That’s exactly what has happened. We have a political party that no longer supports American values such as democracy and equality under the law; and has no qualms about embracing to anti-democratic measures to maintain its social and political supremacy. 

Somehow Corporate America is still supposed to shoehorn that group into its consumer customer base, when a majority of Americans — including the ones responsible for a majority of economic activity in this country — want nothing to do with these Nouveau Jim Crow laws that Republicans are trying to pass. 

By the way, count me skeptical that CEOs such as Bastian weren’t aware of the brewing controversy here. If that were indeed the case, then the VPs of legislative affairs and public relations at these firms should be fired, because they did a grave disservice to the bosses. 

I suspect most CEOs knew well enough about Georgia’s voter suppression law, and just hoped to avoid speaking about it because they don’t want to take sides on a divisive issue. We should all credit the black executives of Corporate America for forcing other CEOs’ hands. 

The challenge for corporations is this: as Republicans pull our political system into further dysfunction, policies that the majority of Americans want to see become law keep getting thwarted. When government doesn’t act on these issues, people then bring their concerns along with them into the workplace, and expect companies to fill that leadership vacuum.

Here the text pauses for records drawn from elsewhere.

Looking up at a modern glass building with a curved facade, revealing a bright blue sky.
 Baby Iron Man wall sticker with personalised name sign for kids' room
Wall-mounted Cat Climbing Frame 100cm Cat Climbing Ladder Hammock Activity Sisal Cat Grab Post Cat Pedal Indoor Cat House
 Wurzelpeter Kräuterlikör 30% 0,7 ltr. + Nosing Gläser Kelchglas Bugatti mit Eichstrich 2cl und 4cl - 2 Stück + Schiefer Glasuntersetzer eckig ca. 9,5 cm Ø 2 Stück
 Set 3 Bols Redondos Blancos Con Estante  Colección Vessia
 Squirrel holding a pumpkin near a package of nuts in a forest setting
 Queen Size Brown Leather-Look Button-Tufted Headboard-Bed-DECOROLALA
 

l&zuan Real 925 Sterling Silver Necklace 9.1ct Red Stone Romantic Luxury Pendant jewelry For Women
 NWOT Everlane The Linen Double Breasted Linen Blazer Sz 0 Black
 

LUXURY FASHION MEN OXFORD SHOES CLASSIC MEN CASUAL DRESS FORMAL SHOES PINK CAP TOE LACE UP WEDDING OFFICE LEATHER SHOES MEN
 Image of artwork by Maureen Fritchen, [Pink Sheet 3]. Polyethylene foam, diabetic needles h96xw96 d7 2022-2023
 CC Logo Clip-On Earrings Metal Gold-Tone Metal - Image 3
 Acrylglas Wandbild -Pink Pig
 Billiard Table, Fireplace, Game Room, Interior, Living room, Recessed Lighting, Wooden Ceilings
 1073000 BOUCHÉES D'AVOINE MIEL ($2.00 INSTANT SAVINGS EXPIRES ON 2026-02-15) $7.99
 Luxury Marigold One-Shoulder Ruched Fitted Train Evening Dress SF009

Hence we see findings such as what’s in the Edelman Trust Barometer, that large majorities of Americans now expect their employers and CEOs to take bolder positions on issues such as climate change, social justice, and economic security.

Moreover, the real test for Corporate America is just starting. Republicans are also pushing voter suppression laws in Texas, Arizona, and dozens of other states. Even if Bastian, for example, truly didn’t know the point of the Georgia suppression law — he sees the point of these bills now. So he (and other corporate leaders) are going to oppose the next wave of suppression laws now that they know the true threat, right? Right? 

Obviously this isn’t a compliance or audit issue, or even a corporate governance issue. This is plain, simple corporate values. Either CEOs resist Republican attempts to disfigure American democracy, or they don’t. I understand that no matter what they do, they’ll be flayed on social media by some. 

But the funny thing is, sometimes, what companies and people say in the real world matters more.